Seventy units of newly built residential properties were sold during the eight days from Feb 1 to Feb 8, a nosedive of 96.2 percent compared with that period in 2010, according to Century 21 China Real Estate data, a US-headquartered property service provider.
Apartment buildings in Shanghai. Analysts say investors might tap into commercial properties to evade the higher cost of the residential realty market. [Photo/Bloomberg]
Fifty-three percent of the 70 units were between 90 square meters (sq m) and 140 sq m, 27 percent were smaller than 90 sq m, and the remaining 20 percent larger than 140 sq m.
"This is in a sharp contrast from one month ago, when larger apartments were more preferred," said Luo Yinshen, a researcher at the Century 21 China Real Estate in Shanghai. "This indicates the property tax has influenced home buyers' decision," Luo added.
"Our stores located near high-end communities such as Lianyang of Pudong New Area and Gubei of Changning district didn't have any customers during the week-long holiday," Luo said.
"The business slump resulted partly from the holiday effect, but the rush in late January to sign deals ahead of the newly levied property tax also helped," said Lu Qilin, deputy director of Uwin Real Estate Research Center.
According to Lu, the property tax's reining in of the city's housing speculation was reinforced by the central government's new housing regulation released a day before, and investors would think twice when facing the higher cost of buying a house in Shanghai.
On Jan 26, the State Council released tightening measures to cool down the nation's housing market, including increasing the down payment on second homes to 60 percent of the full price from previous 50 percent.
Despite those measures, 60 percent of 186 families with an annual income above 500,000 yuan ($75,857) still favor investing in housing, an online survey conducted by Beijing Youth Daily showed.
"To cope with the increasing threat of inflation, commercial properties are the next hot item," said Liu Tianbiao, a businessman in Zhejiang.
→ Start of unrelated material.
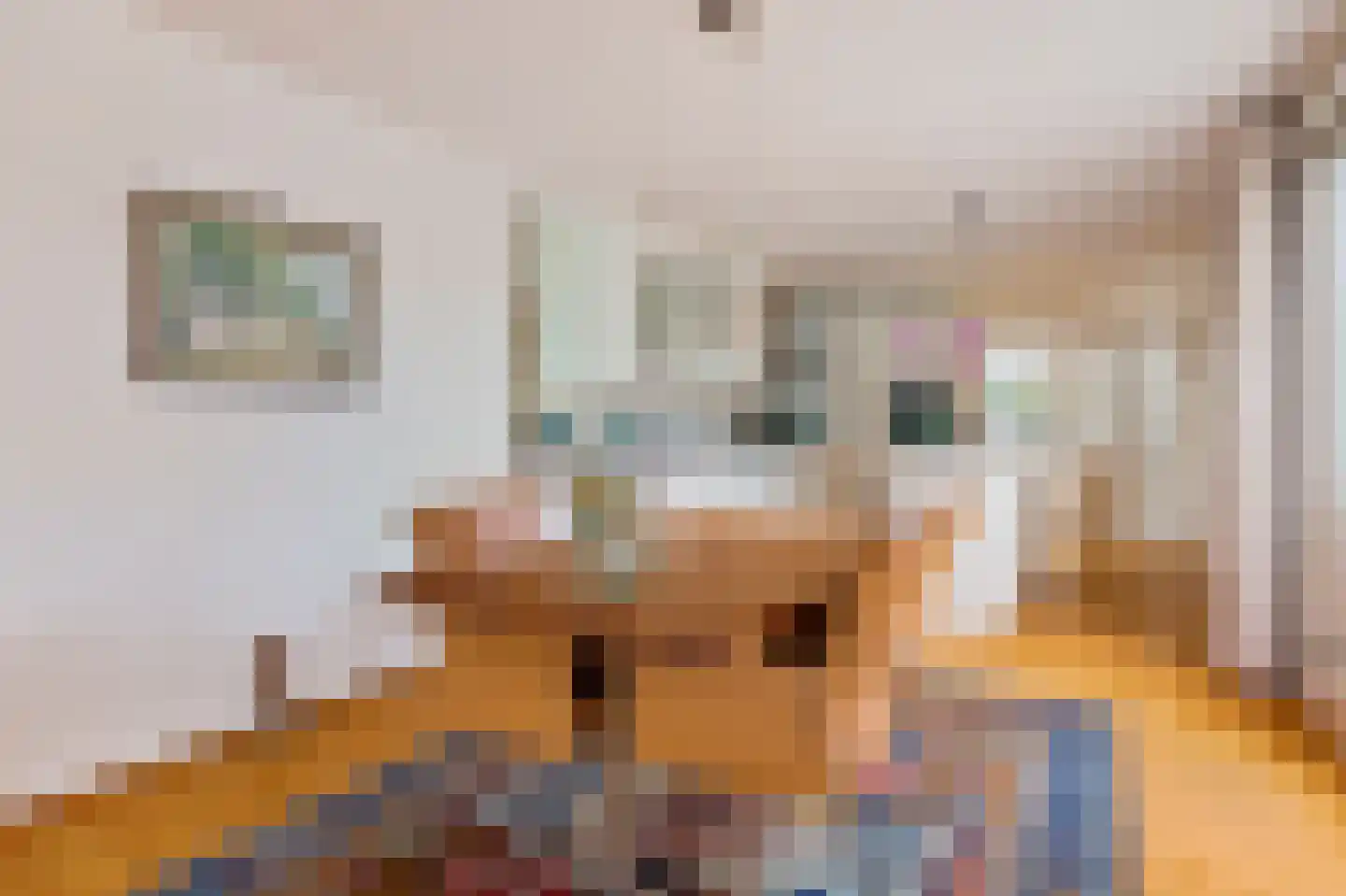 Oosterdreef 63 Nieuw-Vennep thumbnail 10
Liu wanted to try his luck in commercial properties.
He noted that commercial properties require a 50 percent down payment, instead of the 60 percent for second homes, and that there are no limits on buying more.
On Tuesday, China's central bank raised the interest rate for the third time since October, lifting its benchmark one-year deposit rate by 0.25 percentage point to 3 percent, and its one-year lending rate by a similar amount, to 6.06 percent, a further move to tame inflation and rein in the residential property market.